Marriage, however, changes things.
Article 68 of the Family Code stipulates: “The husband and wife are obliged to live together, observe mutual love, respect and fidelity, and render mutual help and support.”
Fidelity is the key word here.
A few days ago, the House Committee on Women and Gender Equality endorsed for plenary action a bill punishing sexual infidelity by married persons. House Bill 5734, entitled “An Act Defining the Crime of Sexual Infidelity, proposes to penalize men and women should they engage in sexual intercourse with people other than their spouses.
Previous Congresses introduced similar legislation, all of which intended to redress the gender imbalance found in current laws that pertain to marital infidelity.
Specifically, article 333 of the Revised Penal Code defines adultery as a crime that can be committed only by a married woman when she has sexual intercourse with a man other than her husband. However, a married man can never be charged with adultery regardless of the number of his one-night stands; he can only be charged with concubinage under article 334 of the RPC should he (1) keep a mistress in the conjugal dwelling; or (2) bang a woman not his wife under scandalous circumstances; or (3) co-habit with such a woman in some other place.
Lawyers agree that concubinage is much harder to prove than adultery because the latter requires only a single instance, whereas concubinage implies, especially in circumstances 1 and 3, a sort of continuing arrangement.
Not only that: adultery is punished more heavily than concubinage. Adultery is punishable by imprisonment of two years, four months and 1 day to six years; in contrast, concubinage is punishable by imprisonment of six months and one day to four years and two months.

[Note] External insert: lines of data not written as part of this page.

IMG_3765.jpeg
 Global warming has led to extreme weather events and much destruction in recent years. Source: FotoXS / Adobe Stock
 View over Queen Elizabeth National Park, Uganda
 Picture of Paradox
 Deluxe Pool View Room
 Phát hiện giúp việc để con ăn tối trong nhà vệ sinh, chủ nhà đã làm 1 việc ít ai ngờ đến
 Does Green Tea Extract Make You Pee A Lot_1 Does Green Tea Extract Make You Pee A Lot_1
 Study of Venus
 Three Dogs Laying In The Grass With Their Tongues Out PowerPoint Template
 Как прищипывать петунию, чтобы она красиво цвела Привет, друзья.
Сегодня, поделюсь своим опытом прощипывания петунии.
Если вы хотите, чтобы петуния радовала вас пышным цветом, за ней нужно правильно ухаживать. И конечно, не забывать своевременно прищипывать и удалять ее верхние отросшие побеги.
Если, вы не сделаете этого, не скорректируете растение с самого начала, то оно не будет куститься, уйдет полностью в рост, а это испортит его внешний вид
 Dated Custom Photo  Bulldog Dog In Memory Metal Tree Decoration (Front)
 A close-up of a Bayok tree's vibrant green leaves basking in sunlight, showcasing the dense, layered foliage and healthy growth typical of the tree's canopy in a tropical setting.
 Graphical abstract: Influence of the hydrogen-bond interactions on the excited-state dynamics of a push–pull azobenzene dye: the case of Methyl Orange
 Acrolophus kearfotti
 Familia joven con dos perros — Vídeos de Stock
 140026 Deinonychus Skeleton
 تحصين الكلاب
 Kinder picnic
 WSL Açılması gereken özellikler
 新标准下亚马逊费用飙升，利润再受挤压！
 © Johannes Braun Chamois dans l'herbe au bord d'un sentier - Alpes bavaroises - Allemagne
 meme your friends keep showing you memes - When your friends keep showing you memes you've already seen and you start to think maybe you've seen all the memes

The difference in treatment is often justified by the argument that a wife’s secret infidelity may introduce illegitimate children into a union and that no man should be obliged to support a child not his own. Like most flawed arguments, this one sounds perfectly reasonable except that when a man fathers an illegitimate child, good luck expecting him to support said spawn, in which case we can ask, where’s the logic in that?
But the law isn’t always logical -- or fair -- particularly old laws like the Revised Penal Code, which took effect 80 years ago. Though there have been attempts to correct the inequity, notably the Anti-Violence Against Women and their Children Act of 2004, which declares “marital infidelity” as a form of psychological abuse, the gender bias remains intact.
I’ve long suspected that the laws on adultery and concubinage are constitutionally infirm on the ground that they offend the equal protection clause, but so far, no constitutional challenge has been lodged against them.
And now here comes HB 5734, which seeks to declare that what is lethal for the goose should be equally lethal for the gander.
The wisdom behind laws is usually beyond anybody’s power to question, including the Supreme Court’s, but I think it’s a far simpler matter to seek the pronouncement of unconstitutionality of articles 333 and 334 rather than seek to pass new legislation, a circuitous and time-consuming process.
But apart from that, it’s useless to penalize extramarital infidelity even for the laudable purpose of supposedly equalizing how the law treats men and women.
Wouldn’t the purpose be better served by de-criminalizing marital infidelity altogether?
When something is de-criminalized, it doesn’t mean that the government is sanctioning the act or encouraging it, or in the case of adultery, that it is fomenting the destruction of the Filipino family.
People will cheat regardless of what the law says.
The fact is this: laws do not break up families; people do.